Modfying the Document Tree

Your extractors do not have to modify the document tree, their goal is to find information from the document tree and save it somewhere else (e.g. in the database), and to leave the document tree alone (the information from the document tree gets rendered if you then render the document itself).

However, if you like, you can make modifications to the document tree. For example, if your extractor discovers some pattern of nodes for storage, you may also want to add a custom class to the parent node so that you can later render those parts of the document specially marked with CSS rules. You can also remove nodes from the tree if you like.

When Nabu processes the extractors on the server, the document tree gets stored after your extractors have run. Your modified tree will be stored in the sources table in the database.

Final Notes

Certainly, some improvements could be applied to the example we provide. The extractor could use a more sophisticated heuristic to determine if the field list represents a book, parse various formats for the ISBN value so that it is normalized and can then be used to automatically look up details from a URL on some external website, we could convert and store the extracted values in BibTeX format for later reuse, add more fields to the schema, parse not just generic field lists, but also bibliographic fields of documents to allow them to enter a book entry as well, etc. This would not be difficult at all.

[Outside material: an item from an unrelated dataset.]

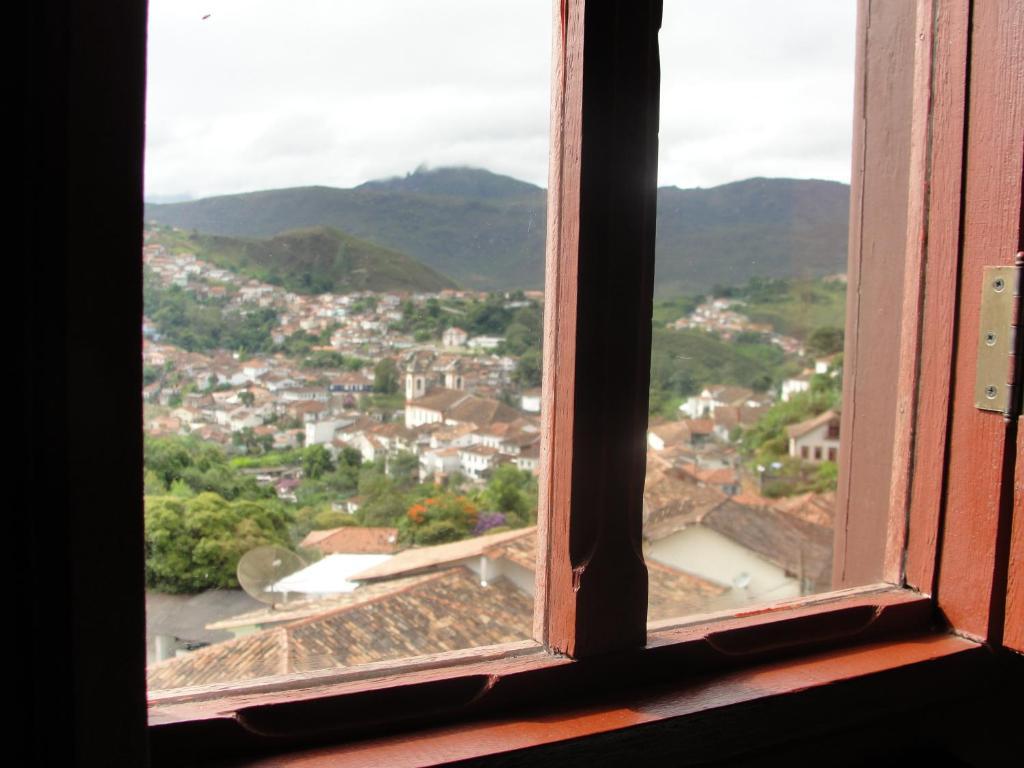 Pousada Casa Dos Contos Ouro Preto  Exterior photo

As you can see, writing extractors is very easy. You can create as many extractors as you want. Nabu comes with a small library of extractors which will grow as I leverage it more and more for my own applications, and with contribution from other people if they care to send them to me.

You can find other extractors--including this one--in the Nabu source distribution under nabu/lib/python/nabu/extractors.

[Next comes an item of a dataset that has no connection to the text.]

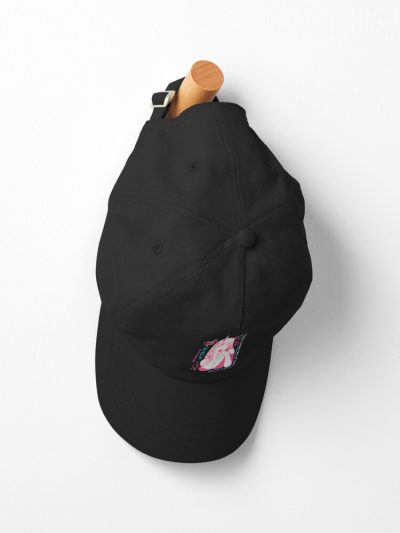 Zero Two Darling Streliziaited - Tshirt Cap Official Darling In The FranXX Merch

If you have found any part of this document unclear and you still do not understand the nature of Nabu after reading this example, please feel free to contact the author with questions.

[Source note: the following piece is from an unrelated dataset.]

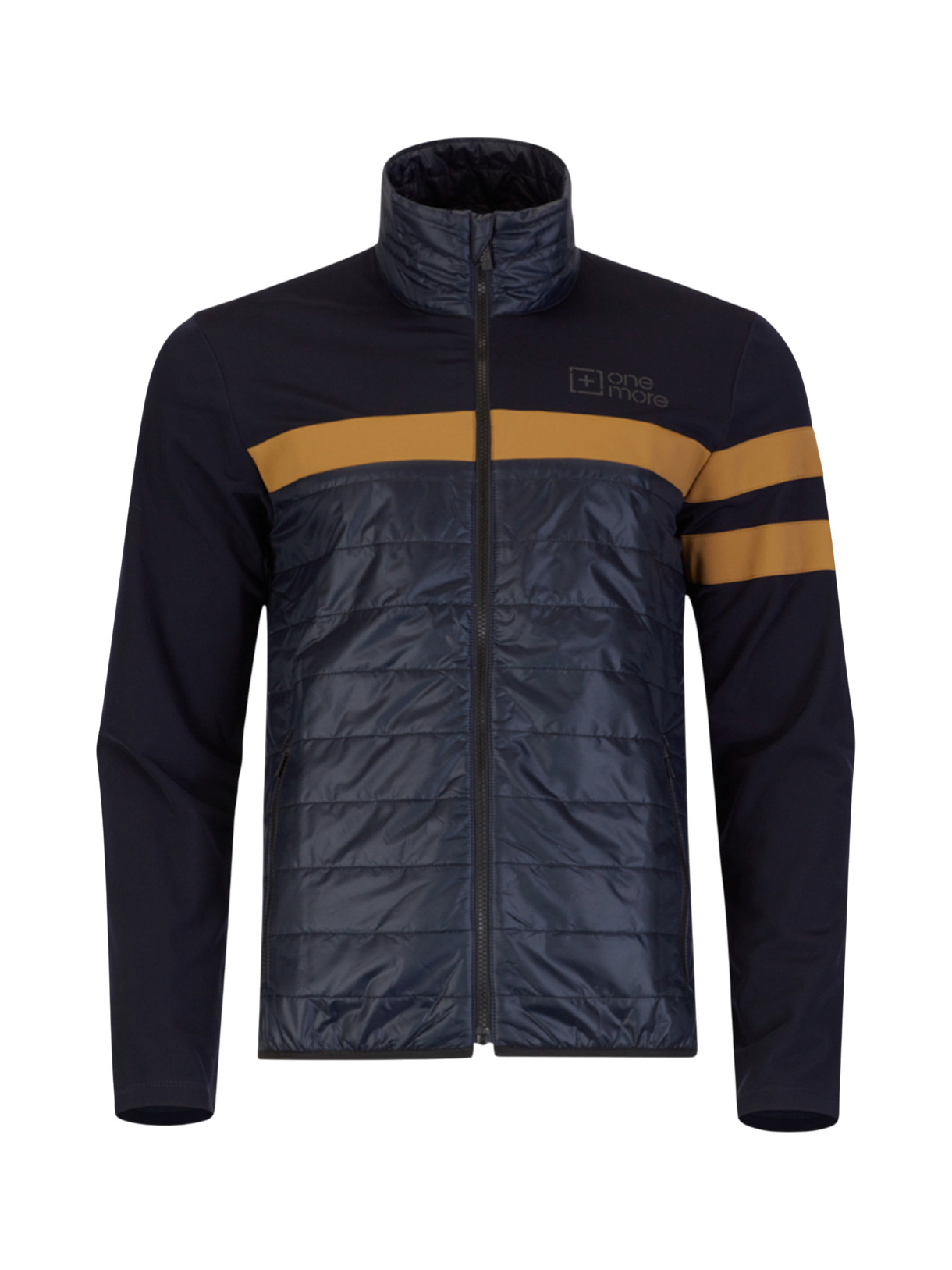 611 gefütterter Ultralight Padded Tech Sweater 1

[1]If the field list appears at the top of the document, it will have been parsed by the bibliographic fields parser and thus the :author: field will have been converted into an author node, and a tiny little bit more work would have to be done to look into those fields if we want a book reference to be specifiable at the top of the document as the bibliographic field.
[2]The code for this class is very simple and you could write similar utilities to enhance code reuse for detecting different generic patterns of document structure. See the docutils document tree document for information about what kinds of nodes the document tree is made of.